**THE RECORDS**
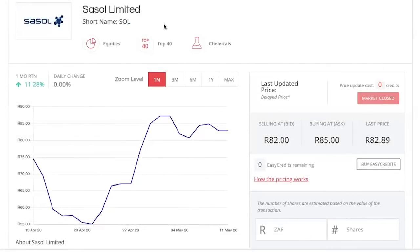On Easy Equities, users are price takers. Somebody putting up a bid or an offer on exchange — those are the price makers — and those are the prices our users will trade at. Our clients are not making a price on the exchange; they are definitely price takers.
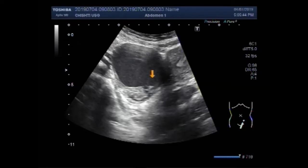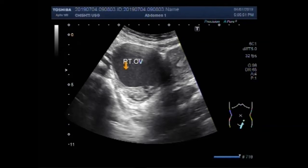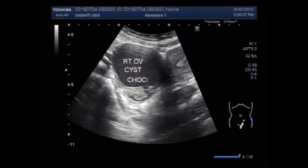The large right ovarian cyst has a lot of thick sludge in it. This is a right ovarian chocolate cyst — the sludge is homogeneous in consistency.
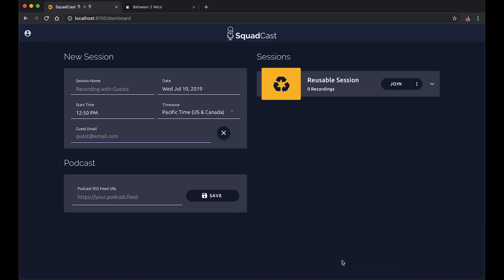Hey, what's up everybody. Wanted to make a quick video to show you how you can connect your podcast to your account in SquadCast. We're here on our dashboard page and it looks like we have a podcast section here with an input to enter our podcast RSS feed URL.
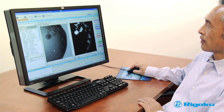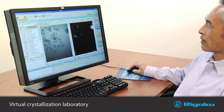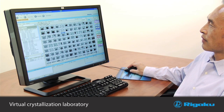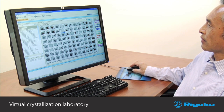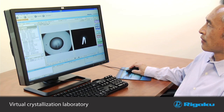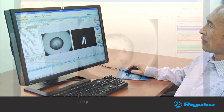All data is captured in CrystalTrack, a complete virtual crystallization laboratory which provides a simple yet powerful interface for viewing images and conditions for evaluation and scoring.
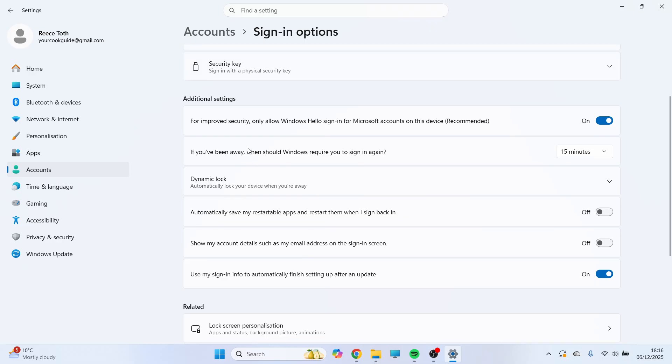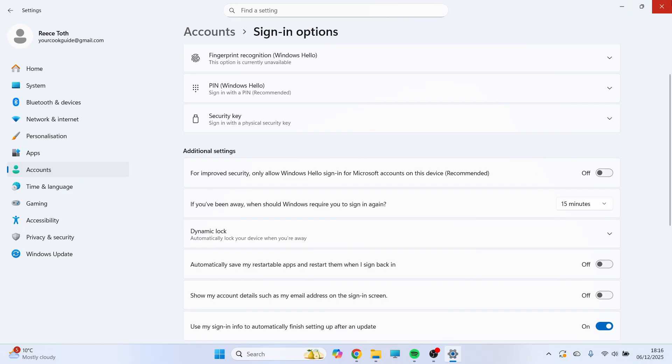You can then scroll down to additional settings, and you'll see this option here for improved security, only allow Windows Hello sign-in for Microsoft accounts. Now make sure to go and turn off this feature like this, and then you'll need to close out of the settings page.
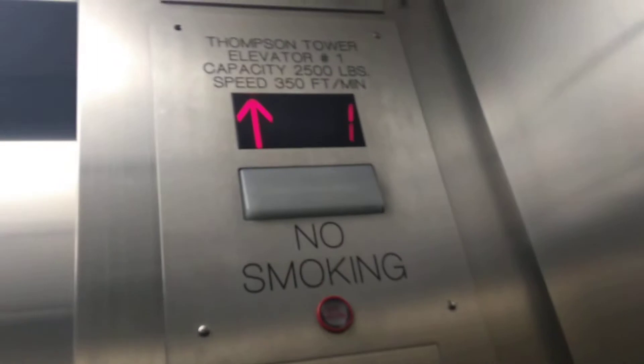Let's take a look at the elevators here. It's car number 10. Going for a long ride. Thompson Tower.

**WORK REQUEST**
Above are the entries; write them out again exactly, omitting the pictures.

**EXPECTED ANSWER**
On Easy Equities, users are price takers. Somebody putting up a bid or an offer on exchange — those are the price makers — and those are the prices our users will trade at. Our clients are not making a price on the exchange; they are definitely price takers.
The large right ovarian cyst has a lot of thick sludge in it. This is a right ovarian chocolate cyst — the sludge is homogeneous in consistency.
Hey, what's up everybody. Wanted to make a quick video to show you how you can connect your podcast to your account in SquadCast. We're here on our dashboard page and it looks like we have a podcast section here with an input to enter our podcast RSS feed URL.
All data is captured in CrystalTrack, a complete virtual crystallization laboratory which provides a simple yet powerful interface for viewing images and conditions for evaluation and scoring.
You can then scroll down to additional settings, and you'll see this option here for improved security, only allow Windows Hello sign-in for Microsoft accounts. Now make sure to go and turn off this feature like this, and then you'll need to close out of the settings page.
Let's take a look at the elevators here. It's car number 10. Going for a long ride. Thompson Tower.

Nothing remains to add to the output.